## Exercise aim
When the line containing "XINGYAN星颜社 – 转转Lisa的兔女郎，图库里的气氛太微妙，下载操作能否隐藏你的小心思呢？" appears in the data below, begin copying there and stop only after the line containing "2027 KTM 300 XC-W 5".

## Source data
··········
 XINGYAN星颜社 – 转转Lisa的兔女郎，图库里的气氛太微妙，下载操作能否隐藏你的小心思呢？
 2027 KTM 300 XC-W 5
··········
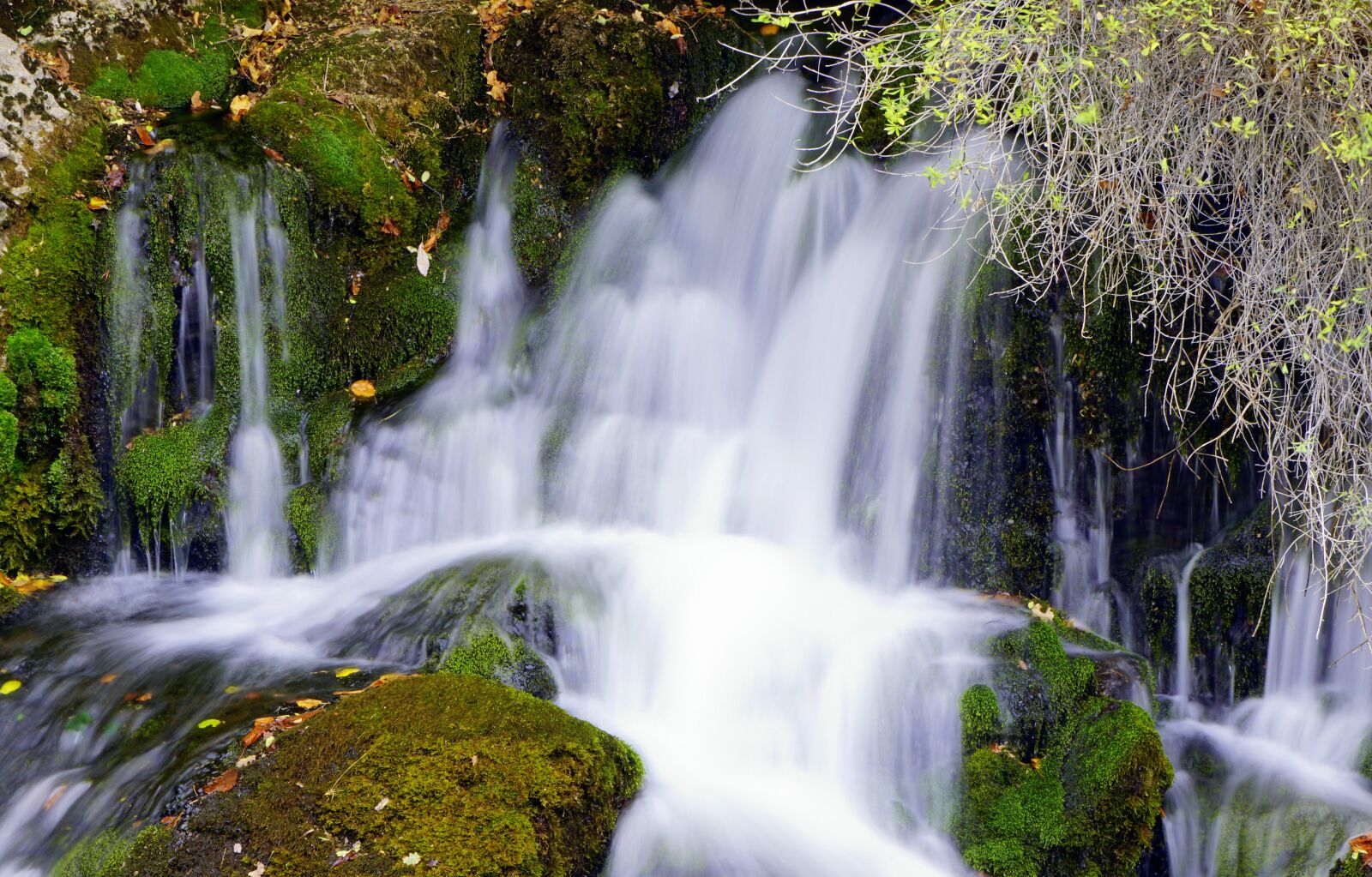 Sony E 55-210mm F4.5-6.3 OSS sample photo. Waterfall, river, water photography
··········
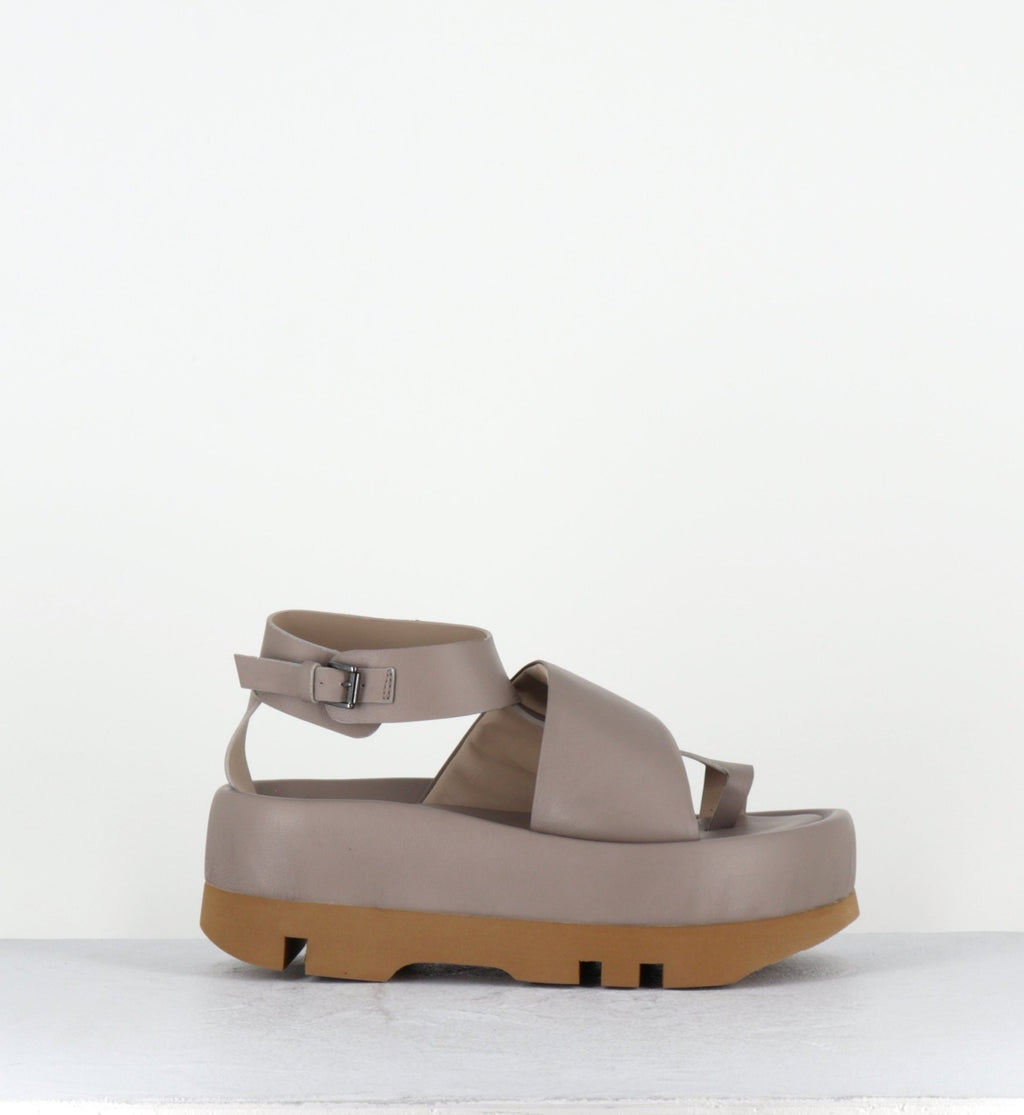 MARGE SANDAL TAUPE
··········
## Response area
 XINGYAN星颜社 – 转转Lisa的兔女郎，图库里的气氛太微妙，下载操作能否隐藏你的小心思呢？
 2027 KTM 300 XC-W 5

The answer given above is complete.